Quintus Haterius (c. 63 BCAD 26) was a Roman politician and orator born into a senatorial family.

Career
Haterius was a Populares orator under Augustus, but his style of oration was sometimes criticised. In Seneca's Epistle, "On the Proper Style for a Philosopher’s Discourse," he states that the speech of a philosopher should be able to speak powerfully, yet still keep a steady pace. As an example, he refers to Quintus Haterius who, "…never hesitated, never paused; he made only one start, and one stop." Even the Emperor Augustus commented on his quick delivery, saying that his speech was so rapid that he needed a brake. 
 
In his later life, Haterius was elected Consul Suffectus (the term used to denote the person who served the remainder of the regular consul's term if he died or was removed) in 5 BC. Tacitus mentions Haterius many times in the Annals in senatorial debate.

After the death of Augustus, Tiberius made a show of reluctance to accept power so that he not look ambitious. Asinius Gallus and Haterius both urged Tiberius to set aside his modesty and assume power. Tacitus quotes Haterius: quo usque pateris, Caesar non adesse caput rei publicae? ("How long, Caesar, will you allow the state to be without a head?") Suetonius may have also quoted him, but did not mention his name. Fearing Tiberius' reaction to his urging, Haterius went to the palace to beg forgiveness and threw himself at Tiberius' knees.

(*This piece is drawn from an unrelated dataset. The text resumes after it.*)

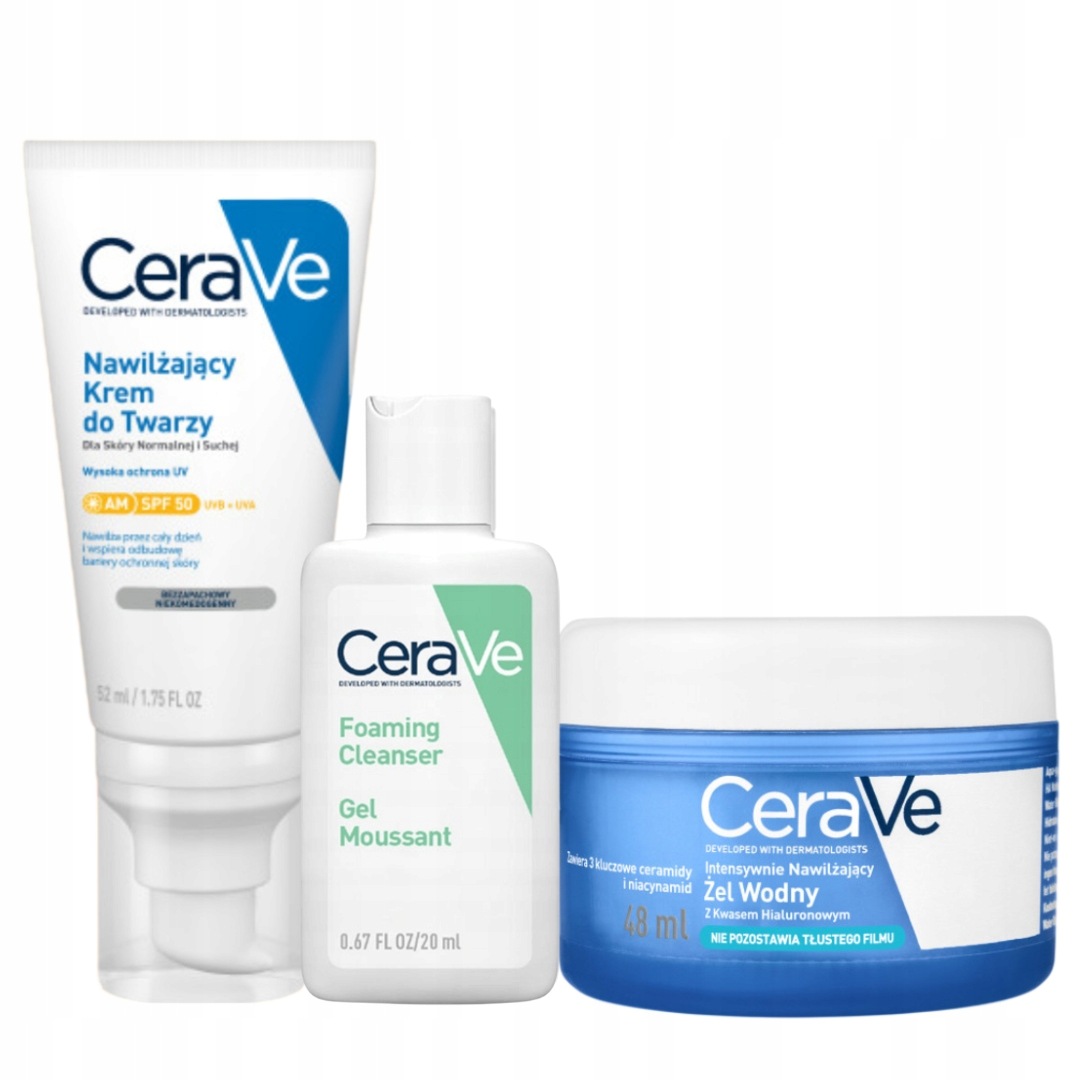 CeraVe Krem nawilżający SPF50 ochrona Uv 52ml Żel wodny nawilżający 48g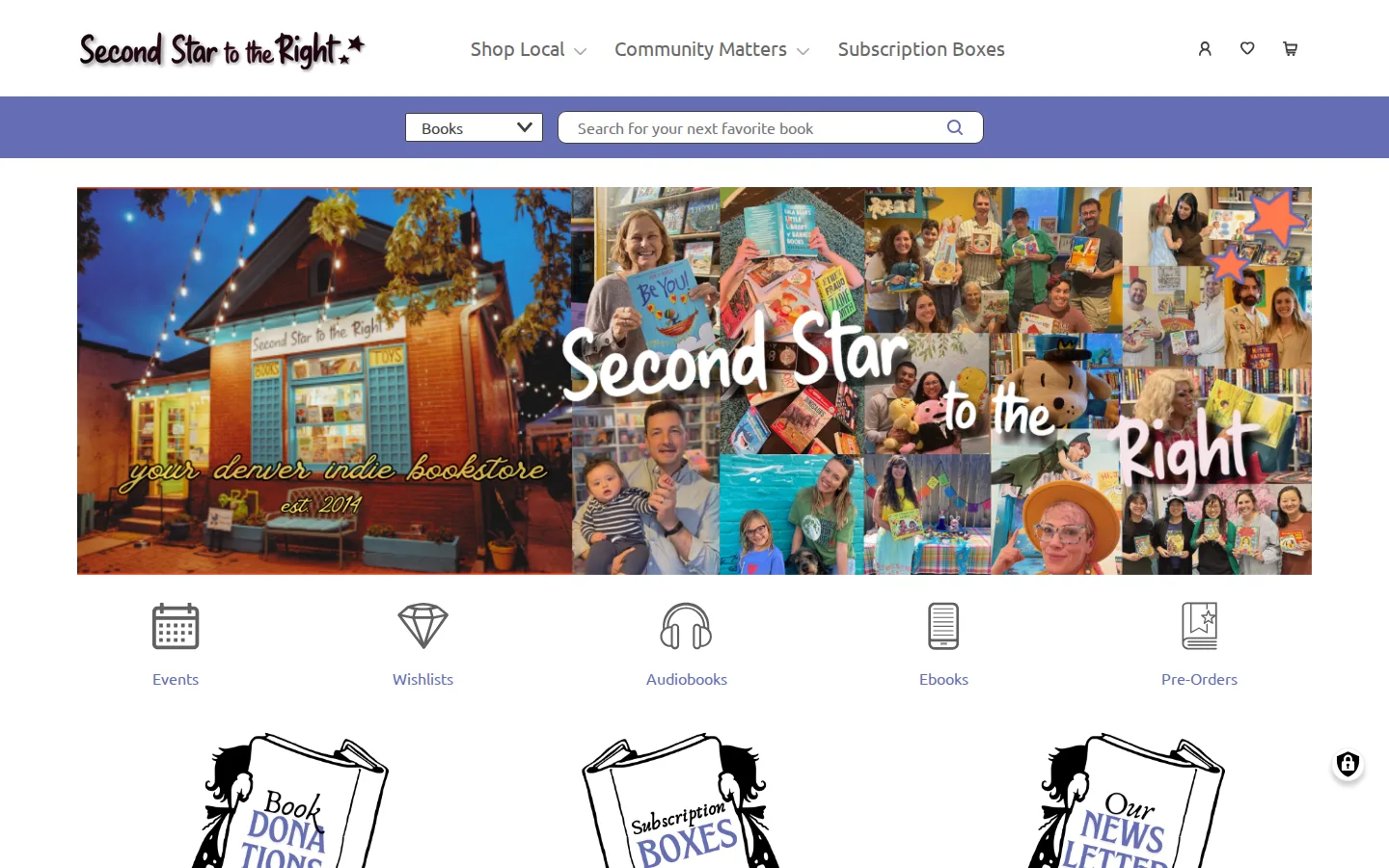 Captured website of Second Star to the Right Books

But his clumsy effort brought the emperor to the ground, and the guards, thinking this was an attack upon Tiberius's person, pounced upon Haterius to kill him. The intervention of Livia saved his life.
 
Haterius was also involved in putting restrictions on the luxury of the country. It was decided by the senate that solid gold vessels should not be used to serve food, and that it was disgraceful for men to wear silken clothes purchased from the East.

As his age advanced, however, Haterius became less well regarded. In a senate meeting discussing how to honour the two sons of Tiberius, Haterius brought forth a motion that all decrees passed that day should be erected in the Senate house in solid gold letters; but his suggestion was laughed at as being foolish.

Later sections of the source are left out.